Data records
━━━━━━━━━━━━━━━━━━━━
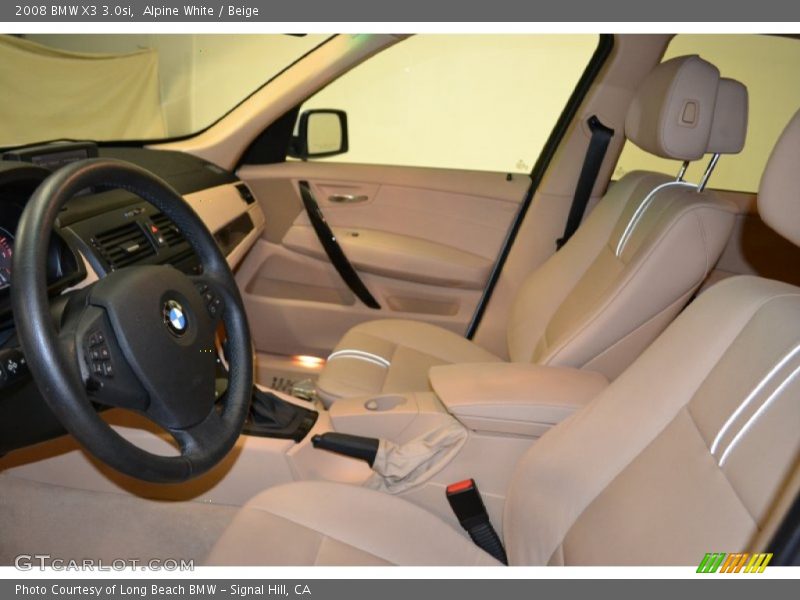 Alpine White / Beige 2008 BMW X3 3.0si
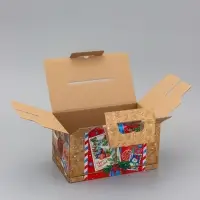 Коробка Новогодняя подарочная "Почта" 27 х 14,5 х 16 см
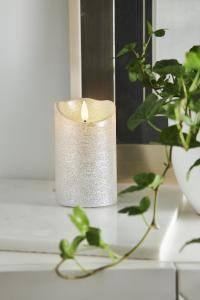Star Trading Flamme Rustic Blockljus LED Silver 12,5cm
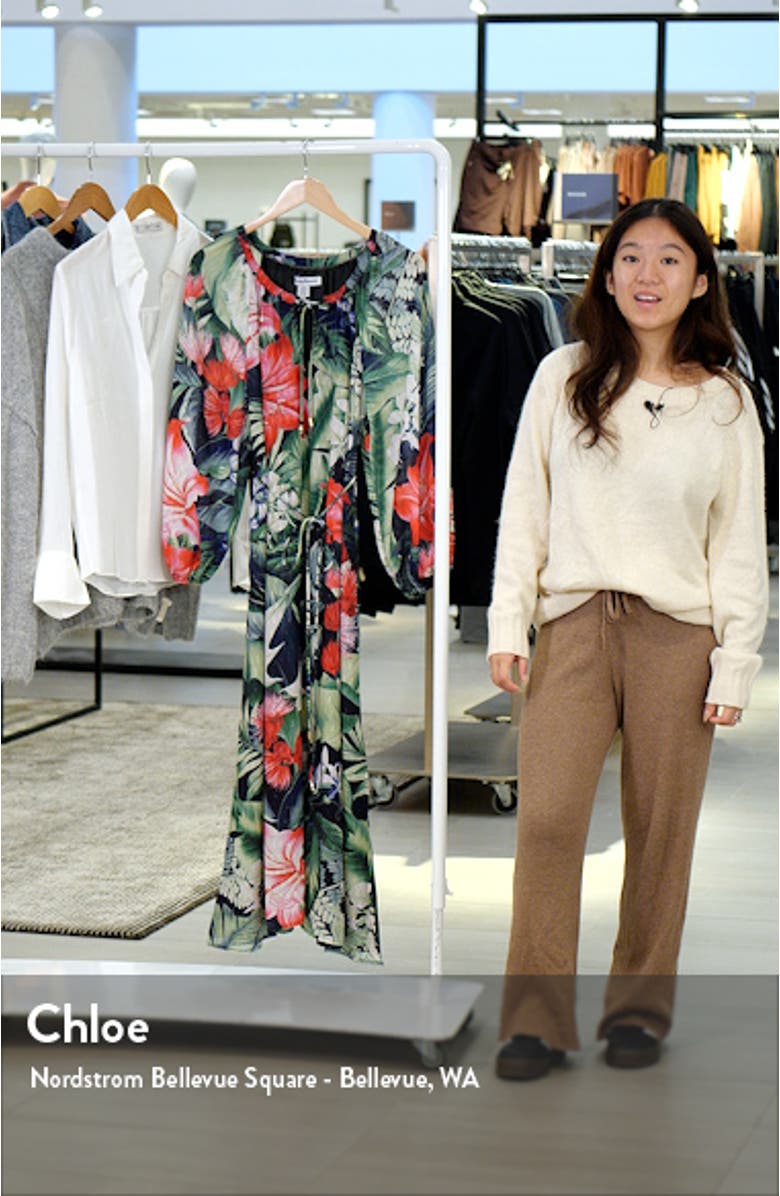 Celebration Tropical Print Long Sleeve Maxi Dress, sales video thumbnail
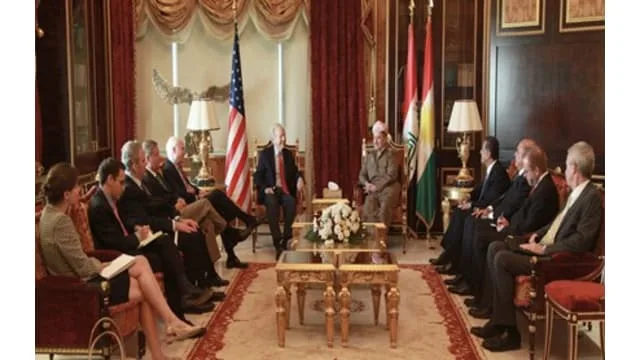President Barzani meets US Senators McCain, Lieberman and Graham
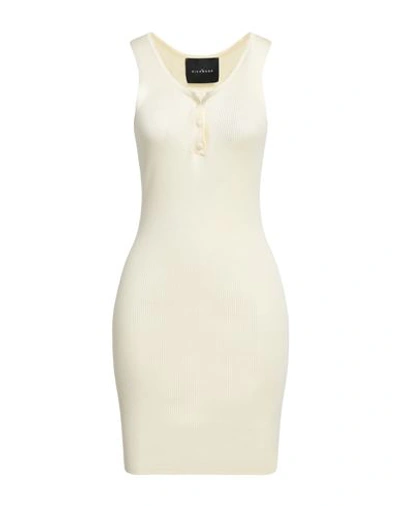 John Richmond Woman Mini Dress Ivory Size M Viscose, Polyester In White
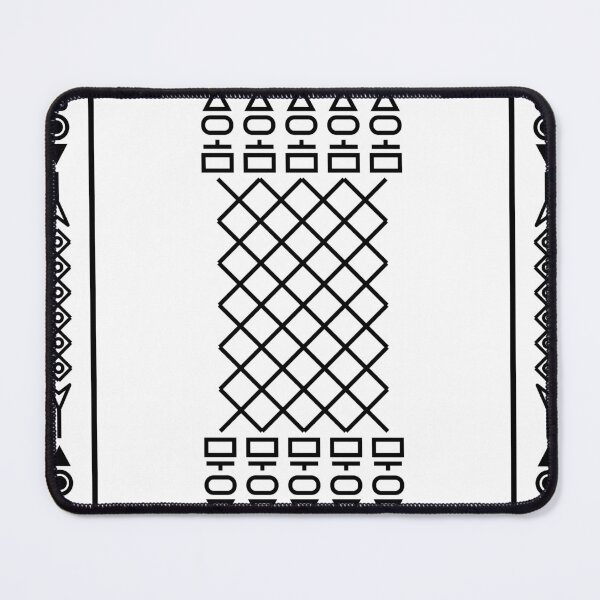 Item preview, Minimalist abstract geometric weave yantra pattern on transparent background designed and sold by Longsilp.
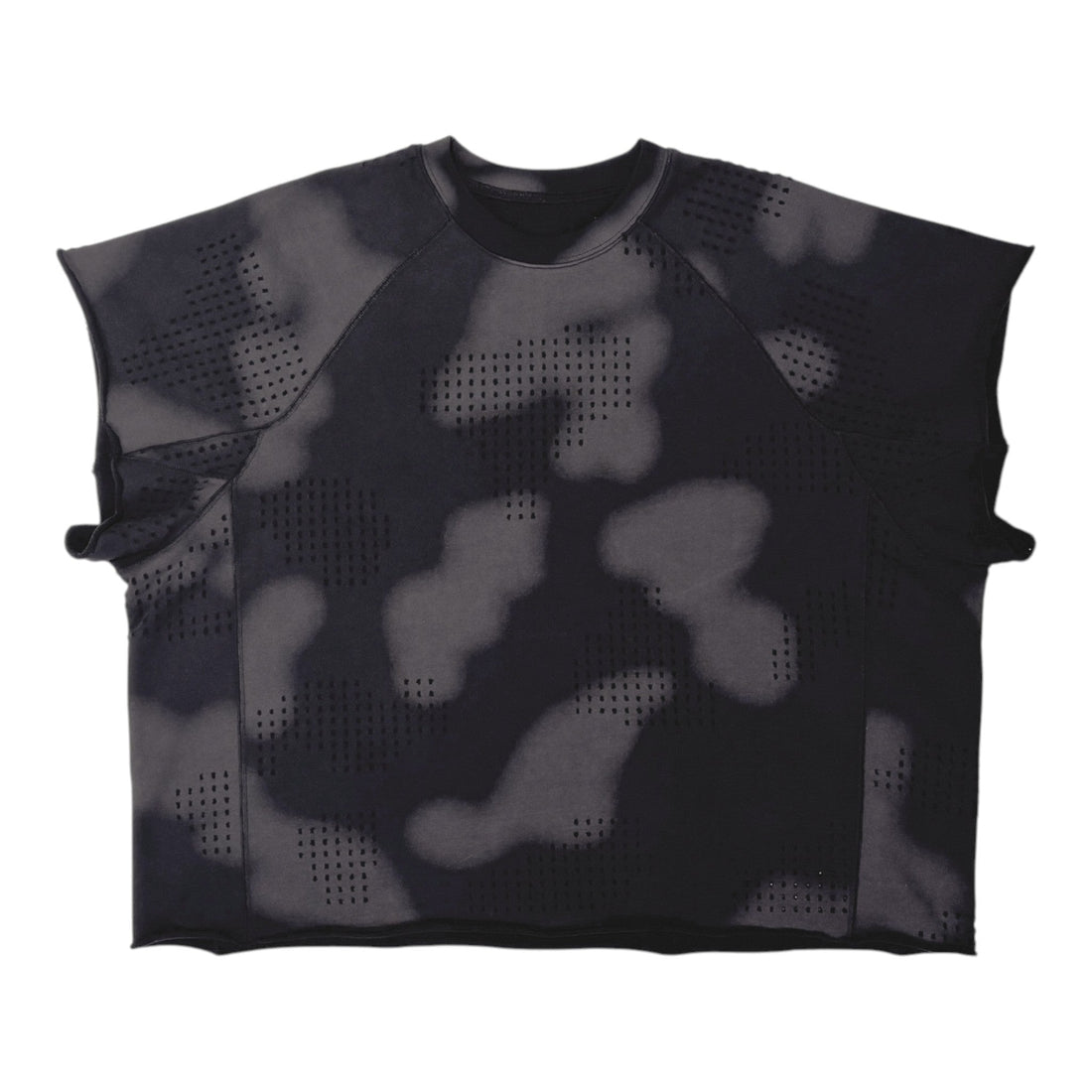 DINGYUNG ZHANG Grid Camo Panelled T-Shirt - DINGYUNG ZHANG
━━━━━━━━━━━━━━━━━━━━
Both the first line of the records above and the line containing "Celebration Tropical Print" belong in the copy; please return them and every line between, exactly, minus the pictures.

**Task solution:**
 Alpine White / Beige 2008 BMW X3 3.0si
 Коробка Новогодняя подарочная "Почта" 27 х 14,5 х 16 см
Star Trading Flamme Rustic Blockljus LED Silver 12,5cm
 Celebration Tropical Print Long Sleeve Maxi Dress, sales video thumbnail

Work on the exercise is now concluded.